= Cigar etiquette =

Politeness while smoking a cigar

Cigar etiquette is polite behaviour when smoking a cigar. For example, in 19th century Havana, it was considered an insult to give another smoker a light from your cigar without first knocking off the ash from the cigar.

== Zino Davidoff ==

Rules of cigar etiquette were published in 1967 by Swiss tobacconist Zino Davidoff in his essay entitled "Zino Davidoff's Guide to Cigar Etiquette." The essay calls for cigar aficionados to do such things as smoke the cigar only halfway, let it burn out on its own, never ask another smoker for a light, refrain from smoking while walking, etc. Davidoff dismisses the elaborate rituals of lighting, says that removing or leaving the band are equally correct, and insists that a gentleman never relights a cigar that is more than two-thirds smoked.

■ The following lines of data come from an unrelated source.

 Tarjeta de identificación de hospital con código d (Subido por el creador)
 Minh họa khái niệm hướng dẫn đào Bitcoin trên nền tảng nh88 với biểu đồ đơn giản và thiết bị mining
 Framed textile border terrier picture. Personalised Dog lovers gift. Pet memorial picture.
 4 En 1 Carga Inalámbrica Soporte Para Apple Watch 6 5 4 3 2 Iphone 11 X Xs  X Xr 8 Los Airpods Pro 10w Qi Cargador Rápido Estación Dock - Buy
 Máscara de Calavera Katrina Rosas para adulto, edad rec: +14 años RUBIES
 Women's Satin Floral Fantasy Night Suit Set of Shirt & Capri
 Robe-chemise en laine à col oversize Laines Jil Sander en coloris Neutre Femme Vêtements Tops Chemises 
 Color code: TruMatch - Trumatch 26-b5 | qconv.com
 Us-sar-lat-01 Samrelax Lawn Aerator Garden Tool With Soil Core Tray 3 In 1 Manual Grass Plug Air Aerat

==Other rules of etiquette==

A number of sets of rules of cigar etiquette besides Davidoff's have been compiled and published from time to time. These include:

===New York Times===
In a 2005 article in The New York Times, Harry Hurt III suggested four basic rules of cigar etiquette:
1. Confine indoor cigar smoking to cigar parlors.
2. Don't chain-smoke cigars.
3. Don't offend non-smokers with the smell of cigar smoke on your clothes or breath.
4. Don't ask, don't tell if it's a Cuban cigar.

===Cigar Aficionado===

Cigar Aficionado's book Cigar Companion suggests two sets of rules: one when among non-smokers, and another when among cigar smokers. One should never smoke except where smoking is appreciated, and care should be taken to minimize criticism from non-smokers from the smell of smoke in one's home or on one's clothes. Among other cigar smokers, it suggests rules governing sharing, cutting, lighting, humidors, women cigar smokers, and gifts. It concludes with one ironclad rule: never give a prank exploding cigar, and do not associate with anyone who does.